I am generalizing the biased coin problem to a biased die. I assign probabilities to the die, run a 1000 samples, and try to infer the probabilities of landing on each face. The code appears to work, but convergence (via SVI) is very slow and there is a lot of volatility in the ELBO. Some suggestions for acceleration would be helpful. I am using a batch size of 50. I should mention that I am relatively new to Pyro. Here is the code. Any help is appreciated.

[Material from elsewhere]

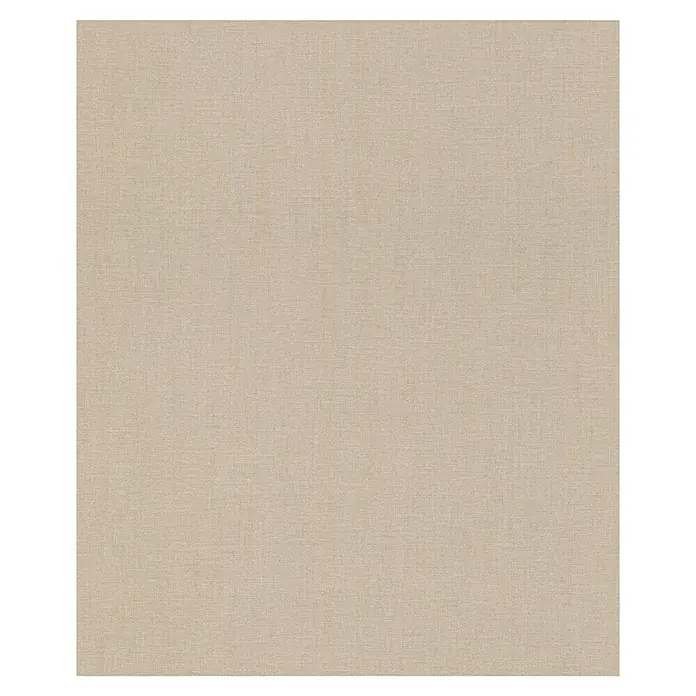 Rasch Florentine III Vliestapete - Leinen soft, Uni, 10,05 x 0,53 m - Nahaufnahme eines beigen Stoffes mit einer feinen Textur, ideal für Hintergründe oder Textildesigns.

# based on the biased coin program in the Pyro tutorial
# (Inference in Pro: from stochastic functions to marginal distributions
# from which we solve the problem of a single loaded die. Given observations
# of N throws of a loaded dice, determine the bias along with confidence
# intervals. The prior will be a Dirichlet function.
import sys, os
import math
import numpy as np
import matplotlib.pyplot as plt
import torch
import pyro
import pyro.infer
import pyro.optim
import pyro.distributions as dist
#from IPython import embed
from pyro.optim import Adam
from pyro.infer import SVI, Trace_ELBO
import torch
import torch.distributions.constraints as constraints
from torch.distributions.beta import Beta
from torch.distributions.categorical import Categorical
#----------------------------------------------------------------------
# this is for running the notebook in our testing framework
n_svi_steps = 10000
n_die_throws = 1000
n_faces = 6
# enable validation (e.g. validate parameters of distributions)
pyro.enable_validation(True)
# clear the param store in case we're in a REPL
pyro.clear_param_store()
def createData():
# Create biased die
alpha = .05 # bias
m = torch.ones(n_faces)*(1./n_faces)
m[0] -= alpha
m[1] += alpha
n = Categorical(m)
samples = n.sample([n_die_throws])
# the returned samples have shape: [n_die_throws, n_faces]
return samples
#----------------------------------------------------------------------
def model(data):
# Symmetric Dirichlet
batch_size = 10
prob = torch.ones(n_faces) * 1. # More uniform for Dirichlet
f = pyro.sample("latent_fairness", dist.Dirichlet(prob))
# loop over the observed data
with pyro.plate("z_minibatch", len(data), batch_size) as ind:
x = dist.Categorical(f)
s = pyro.sample("obs", dist.Categorical(f), obs=data[ind])
#----------------------------------------------------------------------
def guide(data):
batch_size = 10
prob = pyro.param("probs", torch.ones(n_faces) * 1., constraint=constraints.simplex)
f = pyro.sample("latent_fairness", dist.Dirichlet(prob))
#----------------------------------------------------------------------
data = createData()
# setup the optimizer
adam_params = {"lr": 0.0005, "betas": (0.90, 0.999)}
optimizer = Adam(adam_params)
model(data) # works
# setup the inference algorithm
svi = SVI(model, guide, optimizer, loss=Trace_ELBO()) # orig
# do gradient steps
for step in range(n_svi_steps):
loss = svi.step(data)
if step % 100 == 0:
print("loss= ", step, loss)
print("Final probabilities: ", pyro.param("probs"))
print("Final probabilities: ", pyro.param("probs"))